"j'ai besoin de l'amour qui est dans ton sang"
Les histoires d'amour finissent mal mon Général. Tôt ou tard, les corps se séparent, que leurs propriétaires le veulent ou non. Quand la mort s'invite, toisant de sa haute stature les prétentieux convaincus de l'immortalité de l'amour qu'ils s'échangent telle une monnaie, il n'y a rien à dire. Mais quand la mort est convoquée par celui ou celle qu'on aime, il est légitime d'offrir à son bourreau, avant l'utime soupir, un regard débordant d'effroi. Pre coïtum crocodile triste.
Il ne faut pas trop en dire. La beauté de La sagesse des crocodiles est fragile, autant que peut l'être celle du séducteur dont on suit le déclin. On pense au remarquable film Les Prédateurs et à David Bowie. Il y a en effet chez Jude Law ce même angélisme juvénile, androgyne et éphémère qu'on peut au choix admirer ou jalouser. Un charme éclatant et inquiétant qui trouve un écho saisissant dans ce conte clair-obscur où le grand méchant loup n'est au fond qu'un petit chaperon rouge qui ne veut pas mourir. L'Adonis Steven Grslcz aide systématiquement son prochain mais il n'a parfois d'autre choix que de se nourrir de l'amour que celui-ci lui offre en retour. Ou pour être exact de l'amour contenu dans son sang. Question de survie. Quand l'amour s'en mêle, la mort chausse ses guêtres et la jeune femme rayonnante devient dans le regard de l'autre un repas salvateur. Mais le jour où le crocodile tombe sincèrement amoureux, il tombe avant tout dans les limbes.
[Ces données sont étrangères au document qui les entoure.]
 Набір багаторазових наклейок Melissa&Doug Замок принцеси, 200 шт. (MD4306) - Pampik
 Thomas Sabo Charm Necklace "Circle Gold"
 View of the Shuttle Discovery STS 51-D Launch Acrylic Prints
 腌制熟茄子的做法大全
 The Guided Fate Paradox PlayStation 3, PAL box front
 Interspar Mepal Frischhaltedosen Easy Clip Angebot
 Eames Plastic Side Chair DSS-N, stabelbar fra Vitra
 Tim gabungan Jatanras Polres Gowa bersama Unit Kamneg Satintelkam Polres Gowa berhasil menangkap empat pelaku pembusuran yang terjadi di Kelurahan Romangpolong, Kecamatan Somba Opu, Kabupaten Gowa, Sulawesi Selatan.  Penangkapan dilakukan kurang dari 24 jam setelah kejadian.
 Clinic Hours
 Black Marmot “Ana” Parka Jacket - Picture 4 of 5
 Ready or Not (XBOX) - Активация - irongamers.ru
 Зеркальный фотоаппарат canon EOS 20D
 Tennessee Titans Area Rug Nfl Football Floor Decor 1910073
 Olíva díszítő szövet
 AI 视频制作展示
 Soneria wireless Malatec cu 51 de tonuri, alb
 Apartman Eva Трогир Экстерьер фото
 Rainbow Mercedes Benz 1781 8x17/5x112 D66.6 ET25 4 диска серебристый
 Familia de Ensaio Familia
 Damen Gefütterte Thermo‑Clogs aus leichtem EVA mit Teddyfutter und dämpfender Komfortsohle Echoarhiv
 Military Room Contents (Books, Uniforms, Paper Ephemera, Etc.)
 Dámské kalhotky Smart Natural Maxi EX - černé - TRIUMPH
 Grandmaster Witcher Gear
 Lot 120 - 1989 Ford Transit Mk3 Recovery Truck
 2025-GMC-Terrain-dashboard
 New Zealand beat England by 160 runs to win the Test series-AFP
Aux frontières du film de genre, du conte morbide, de l'histoire d'amour tragique et du drame aux ambitions auteurisantes, La sagesse des crocodiles navigue en eaux troubles et fait perdre pied au spectateur susceptible de se noyer dans des océans d'ambiguité, s'approchant ainsi dangereusement d'autres frontières, celles de l'aube.

Pour résumer : Pas mal ce film fantastique "réaliste".